Source:
Rhino Times Greensboro
County Adds Big, Ugly, Yellow Eyesore
by Scott D. Yost
December 13, 2012
Guilford County government has a lot of strict rules and regulations against residents keeping rusty old cars in their front yards, and it has plenty of other ordinances restricting eyesores on private property – however, the county itself is apparently under no such restraints.
Last Thursday, Dec. 6, Guilford County workers plopped a large, loud, ugly yellow generator – crowned by an old rusty muffler – at the northeast entrance of the governmental plaza in downtown Greensboro.
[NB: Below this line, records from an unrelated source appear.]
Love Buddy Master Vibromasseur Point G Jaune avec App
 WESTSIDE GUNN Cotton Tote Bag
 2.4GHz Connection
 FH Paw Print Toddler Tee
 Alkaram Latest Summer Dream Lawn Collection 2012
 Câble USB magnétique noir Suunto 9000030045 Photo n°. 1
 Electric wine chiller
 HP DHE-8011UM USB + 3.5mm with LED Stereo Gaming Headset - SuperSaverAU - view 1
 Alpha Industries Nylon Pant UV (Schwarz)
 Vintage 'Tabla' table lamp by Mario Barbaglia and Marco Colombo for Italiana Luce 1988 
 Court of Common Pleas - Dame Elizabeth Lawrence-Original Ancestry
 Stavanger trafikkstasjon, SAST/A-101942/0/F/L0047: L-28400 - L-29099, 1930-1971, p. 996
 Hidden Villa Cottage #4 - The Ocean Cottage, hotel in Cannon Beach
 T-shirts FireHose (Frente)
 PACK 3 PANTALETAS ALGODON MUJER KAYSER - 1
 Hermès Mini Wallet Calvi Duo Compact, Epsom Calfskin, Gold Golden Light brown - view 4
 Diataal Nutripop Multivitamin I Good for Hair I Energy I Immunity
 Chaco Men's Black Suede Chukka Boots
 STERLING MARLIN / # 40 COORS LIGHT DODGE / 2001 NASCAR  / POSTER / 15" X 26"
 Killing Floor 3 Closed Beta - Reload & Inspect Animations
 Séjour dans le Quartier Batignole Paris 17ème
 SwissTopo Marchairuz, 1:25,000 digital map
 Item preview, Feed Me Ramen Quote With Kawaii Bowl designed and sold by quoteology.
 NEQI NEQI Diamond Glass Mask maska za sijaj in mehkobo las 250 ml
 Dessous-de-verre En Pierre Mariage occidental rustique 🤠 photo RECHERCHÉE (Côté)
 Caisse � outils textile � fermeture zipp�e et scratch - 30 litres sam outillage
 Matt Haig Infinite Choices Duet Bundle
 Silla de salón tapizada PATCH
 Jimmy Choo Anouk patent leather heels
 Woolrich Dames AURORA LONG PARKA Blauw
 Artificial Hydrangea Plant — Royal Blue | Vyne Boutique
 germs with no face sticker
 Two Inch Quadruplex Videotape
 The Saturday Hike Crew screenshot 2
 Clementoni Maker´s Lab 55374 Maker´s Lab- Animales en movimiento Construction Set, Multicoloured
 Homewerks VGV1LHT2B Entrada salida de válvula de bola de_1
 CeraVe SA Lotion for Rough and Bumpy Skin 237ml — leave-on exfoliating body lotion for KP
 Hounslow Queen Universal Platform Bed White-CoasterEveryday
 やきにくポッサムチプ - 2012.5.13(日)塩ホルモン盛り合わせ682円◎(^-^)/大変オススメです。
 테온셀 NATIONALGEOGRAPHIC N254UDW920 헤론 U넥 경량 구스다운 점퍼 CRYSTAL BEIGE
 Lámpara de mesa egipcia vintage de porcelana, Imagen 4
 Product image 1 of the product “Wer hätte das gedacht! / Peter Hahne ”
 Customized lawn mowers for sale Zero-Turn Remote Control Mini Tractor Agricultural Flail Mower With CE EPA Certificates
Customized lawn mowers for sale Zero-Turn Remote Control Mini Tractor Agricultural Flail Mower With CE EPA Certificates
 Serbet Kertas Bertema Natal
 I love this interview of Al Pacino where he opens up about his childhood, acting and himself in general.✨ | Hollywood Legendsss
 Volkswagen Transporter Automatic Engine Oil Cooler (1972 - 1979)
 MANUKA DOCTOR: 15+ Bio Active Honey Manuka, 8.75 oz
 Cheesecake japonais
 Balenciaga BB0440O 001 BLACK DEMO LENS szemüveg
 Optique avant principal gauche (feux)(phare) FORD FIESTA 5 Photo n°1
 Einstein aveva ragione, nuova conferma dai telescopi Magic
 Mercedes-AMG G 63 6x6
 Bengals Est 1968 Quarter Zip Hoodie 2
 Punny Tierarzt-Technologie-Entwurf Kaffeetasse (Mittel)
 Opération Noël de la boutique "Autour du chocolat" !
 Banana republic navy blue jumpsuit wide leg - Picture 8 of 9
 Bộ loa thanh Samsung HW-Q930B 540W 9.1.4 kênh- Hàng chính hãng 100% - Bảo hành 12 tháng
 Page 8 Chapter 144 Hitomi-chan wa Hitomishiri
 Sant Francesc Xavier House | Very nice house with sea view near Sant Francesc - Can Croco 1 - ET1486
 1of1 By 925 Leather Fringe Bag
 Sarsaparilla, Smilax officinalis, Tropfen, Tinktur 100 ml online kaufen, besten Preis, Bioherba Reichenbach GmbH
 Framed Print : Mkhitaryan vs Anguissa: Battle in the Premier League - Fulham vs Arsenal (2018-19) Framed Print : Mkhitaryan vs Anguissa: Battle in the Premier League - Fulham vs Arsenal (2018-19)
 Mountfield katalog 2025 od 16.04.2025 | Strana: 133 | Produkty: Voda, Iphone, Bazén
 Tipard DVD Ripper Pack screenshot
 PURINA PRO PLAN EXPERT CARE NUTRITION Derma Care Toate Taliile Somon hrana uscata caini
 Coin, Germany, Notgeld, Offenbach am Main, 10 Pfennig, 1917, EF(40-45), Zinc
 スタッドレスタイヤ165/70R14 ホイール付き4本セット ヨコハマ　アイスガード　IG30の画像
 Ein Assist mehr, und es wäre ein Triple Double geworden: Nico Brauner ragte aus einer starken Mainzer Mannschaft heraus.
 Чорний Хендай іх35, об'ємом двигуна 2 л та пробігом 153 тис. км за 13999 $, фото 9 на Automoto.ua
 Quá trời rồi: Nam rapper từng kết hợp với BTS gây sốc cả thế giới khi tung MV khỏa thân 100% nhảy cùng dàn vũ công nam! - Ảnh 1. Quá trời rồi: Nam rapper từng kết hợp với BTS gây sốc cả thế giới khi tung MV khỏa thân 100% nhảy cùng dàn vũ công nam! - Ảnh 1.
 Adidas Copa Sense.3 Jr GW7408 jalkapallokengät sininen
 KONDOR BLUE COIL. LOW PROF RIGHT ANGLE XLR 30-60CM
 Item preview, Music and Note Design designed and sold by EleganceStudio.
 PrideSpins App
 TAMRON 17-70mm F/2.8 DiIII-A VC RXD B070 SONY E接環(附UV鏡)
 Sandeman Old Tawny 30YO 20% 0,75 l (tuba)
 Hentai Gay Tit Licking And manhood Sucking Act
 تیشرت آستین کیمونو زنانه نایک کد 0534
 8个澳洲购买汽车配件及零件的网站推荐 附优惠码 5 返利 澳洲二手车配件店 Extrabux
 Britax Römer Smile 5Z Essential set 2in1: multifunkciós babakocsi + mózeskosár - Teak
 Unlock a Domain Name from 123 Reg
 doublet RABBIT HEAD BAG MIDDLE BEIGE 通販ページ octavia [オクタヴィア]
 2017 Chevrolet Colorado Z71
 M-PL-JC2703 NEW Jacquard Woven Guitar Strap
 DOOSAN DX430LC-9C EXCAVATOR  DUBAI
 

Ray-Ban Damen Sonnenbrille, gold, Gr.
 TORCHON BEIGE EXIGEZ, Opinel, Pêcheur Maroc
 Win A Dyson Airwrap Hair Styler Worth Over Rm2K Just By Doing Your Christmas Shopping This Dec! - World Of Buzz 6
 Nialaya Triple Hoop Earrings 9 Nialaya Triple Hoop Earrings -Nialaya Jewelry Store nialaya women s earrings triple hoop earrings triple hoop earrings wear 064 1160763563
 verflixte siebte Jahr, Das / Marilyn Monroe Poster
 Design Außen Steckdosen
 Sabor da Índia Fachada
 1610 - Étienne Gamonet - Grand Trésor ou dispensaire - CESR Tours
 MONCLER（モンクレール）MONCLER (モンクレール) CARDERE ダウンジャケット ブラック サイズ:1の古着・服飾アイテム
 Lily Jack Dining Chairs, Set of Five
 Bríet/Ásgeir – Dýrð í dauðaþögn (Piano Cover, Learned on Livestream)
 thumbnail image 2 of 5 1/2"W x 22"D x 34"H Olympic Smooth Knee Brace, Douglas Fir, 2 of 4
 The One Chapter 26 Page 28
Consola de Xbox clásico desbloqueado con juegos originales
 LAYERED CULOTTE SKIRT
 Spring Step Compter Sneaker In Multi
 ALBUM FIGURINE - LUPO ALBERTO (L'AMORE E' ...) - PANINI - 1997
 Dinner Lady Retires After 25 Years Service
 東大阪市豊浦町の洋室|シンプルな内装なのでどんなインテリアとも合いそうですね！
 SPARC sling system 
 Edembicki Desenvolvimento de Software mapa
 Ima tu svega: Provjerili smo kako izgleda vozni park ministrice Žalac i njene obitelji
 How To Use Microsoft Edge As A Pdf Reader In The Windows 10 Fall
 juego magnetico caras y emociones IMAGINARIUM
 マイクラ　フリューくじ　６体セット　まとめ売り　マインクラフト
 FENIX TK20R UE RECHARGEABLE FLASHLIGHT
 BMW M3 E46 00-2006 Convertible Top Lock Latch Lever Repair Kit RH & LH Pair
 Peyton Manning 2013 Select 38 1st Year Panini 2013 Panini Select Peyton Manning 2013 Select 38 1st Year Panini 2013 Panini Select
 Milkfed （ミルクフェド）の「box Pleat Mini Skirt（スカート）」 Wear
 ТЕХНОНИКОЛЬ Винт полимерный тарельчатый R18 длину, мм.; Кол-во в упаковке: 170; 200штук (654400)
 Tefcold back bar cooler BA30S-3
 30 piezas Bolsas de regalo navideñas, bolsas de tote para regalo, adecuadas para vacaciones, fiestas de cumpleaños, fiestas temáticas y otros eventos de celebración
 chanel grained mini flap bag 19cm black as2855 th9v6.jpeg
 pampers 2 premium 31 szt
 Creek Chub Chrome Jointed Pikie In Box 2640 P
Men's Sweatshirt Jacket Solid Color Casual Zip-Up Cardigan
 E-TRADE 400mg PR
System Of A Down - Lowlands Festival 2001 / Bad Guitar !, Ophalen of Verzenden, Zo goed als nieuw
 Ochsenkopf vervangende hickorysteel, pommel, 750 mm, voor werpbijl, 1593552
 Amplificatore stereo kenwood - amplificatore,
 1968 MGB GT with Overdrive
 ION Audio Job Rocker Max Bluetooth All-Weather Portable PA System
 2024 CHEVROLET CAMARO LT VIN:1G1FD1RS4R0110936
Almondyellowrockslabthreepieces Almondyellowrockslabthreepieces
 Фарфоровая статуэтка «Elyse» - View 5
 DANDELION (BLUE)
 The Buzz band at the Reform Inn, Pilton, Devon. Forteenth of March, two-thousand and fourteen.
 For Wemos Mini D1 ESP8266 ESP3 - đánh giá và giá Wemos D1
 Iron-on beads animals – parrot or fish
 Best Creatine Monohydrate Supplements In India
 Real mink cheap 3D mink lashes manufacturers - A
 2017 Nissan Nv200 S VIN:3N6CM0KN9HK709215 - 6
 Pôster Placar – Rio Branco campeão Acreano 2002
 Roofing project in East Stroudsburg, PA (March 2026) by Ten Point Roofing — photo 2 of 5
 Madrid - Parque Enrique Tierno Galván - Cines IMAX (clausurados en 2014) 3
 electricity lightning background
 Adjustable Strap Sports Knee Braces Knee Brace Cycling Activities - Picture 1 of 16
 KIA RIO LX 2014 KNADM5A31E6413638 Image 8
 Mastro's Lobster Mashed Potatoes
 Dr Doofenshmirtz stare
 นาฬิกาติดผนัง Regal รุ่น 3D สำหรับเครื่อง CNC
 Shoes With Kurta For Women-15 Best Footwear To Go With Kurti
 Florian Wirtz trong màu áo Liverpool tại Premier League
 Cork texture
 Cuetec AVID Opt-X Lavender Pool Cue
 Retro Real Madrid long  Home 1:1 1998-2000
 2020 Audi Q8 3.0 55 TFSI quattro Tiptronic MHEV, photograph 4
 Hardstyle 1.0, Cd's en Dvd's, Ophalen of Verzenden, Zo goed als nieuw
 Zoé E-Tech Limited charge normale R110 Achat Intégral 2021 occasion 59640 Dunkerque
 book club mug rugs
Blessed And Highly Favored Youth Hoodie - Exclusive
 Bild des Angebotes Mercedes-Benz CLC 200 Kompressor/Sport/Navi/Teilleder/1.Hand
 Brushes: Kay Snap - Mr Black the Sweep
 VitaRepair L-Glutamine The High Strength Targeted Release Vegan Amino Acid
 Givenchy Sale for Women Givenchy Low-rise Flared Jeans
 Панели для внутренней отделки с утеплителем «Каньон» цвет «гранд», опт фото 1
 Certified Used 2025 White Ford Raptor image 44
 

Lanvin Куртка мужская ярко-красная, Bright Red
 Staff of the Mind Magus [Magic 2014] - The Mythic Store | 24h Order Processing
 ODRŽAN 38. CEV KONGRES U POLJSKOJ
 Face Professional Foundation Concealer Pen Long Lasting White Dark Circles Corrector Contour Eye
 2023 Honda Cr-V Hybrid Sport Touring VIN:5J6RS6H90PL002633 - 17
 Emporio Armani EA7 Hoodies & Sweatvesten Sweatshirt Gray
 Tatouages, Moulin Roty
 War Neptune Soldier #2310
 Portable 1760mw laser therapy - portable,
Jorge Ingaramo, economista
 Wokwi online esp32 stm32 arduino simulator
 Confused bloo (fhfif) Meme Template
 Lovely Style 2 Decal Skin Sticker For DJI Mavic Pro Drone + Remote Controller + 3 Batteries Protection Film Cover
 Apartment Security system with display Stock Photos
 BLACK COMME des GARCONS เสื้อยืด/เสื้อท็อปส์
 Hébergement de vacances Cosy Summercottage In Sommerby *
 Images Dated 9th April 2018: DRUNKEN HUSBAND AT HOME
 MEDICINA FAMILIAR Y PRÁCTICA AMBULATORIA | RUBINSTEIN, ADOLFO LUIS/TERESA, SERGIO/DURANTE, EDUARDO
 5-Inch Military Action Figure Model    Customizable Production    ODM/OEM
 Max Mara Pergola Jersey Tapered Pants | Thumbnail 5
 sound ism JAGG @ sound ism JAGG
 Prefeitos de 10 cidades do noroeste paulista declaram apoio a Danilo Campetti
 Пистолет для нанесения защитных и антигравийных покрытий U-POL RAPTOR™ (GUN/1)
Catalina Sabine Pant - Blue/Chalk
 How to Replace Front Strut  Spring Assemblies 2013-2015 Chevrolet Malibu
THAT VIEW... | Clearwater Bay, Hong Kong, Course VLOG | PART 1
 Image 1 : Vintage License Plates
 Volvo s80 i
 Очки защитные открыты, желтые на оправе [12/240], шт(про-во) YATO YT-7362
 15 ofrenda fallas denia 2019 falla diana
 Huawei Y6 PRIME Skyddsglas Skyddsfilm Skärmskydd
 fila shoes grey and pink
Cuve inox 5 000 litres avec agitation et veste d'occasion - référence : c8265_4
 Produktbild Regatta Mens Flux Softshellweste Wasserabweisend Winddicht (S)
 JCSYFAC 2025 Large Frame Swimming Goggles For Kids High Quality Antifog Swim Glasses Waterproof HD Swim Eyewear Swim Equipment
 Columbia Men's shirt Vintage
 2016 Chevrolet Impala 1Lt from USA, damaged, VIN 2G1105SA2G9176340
The county is in the process of moving its Information Services (IS) Department – something that just about every other business and government in the world calls the information technology (IT) department – to the fourth floor of the BB&T building at 201 W. Market St. in downtown Greensboro.
In order to provide backup power for the county’s servers and other computer infrastructure, the county mounted the generator in a highly visible, much traveled spot right next to both the grassy lawn of the Old Guilford County Court House and the stage of Phill G. McDonald Plaza – also known as the governmental plaza.
The large ugly yellow generator is also near the entrance of the county-owned BB&T building – which houses a branch of that bank, the Guilford County Register of Deeds, the county’s veterans affairs office, and, of course, the county IS Department.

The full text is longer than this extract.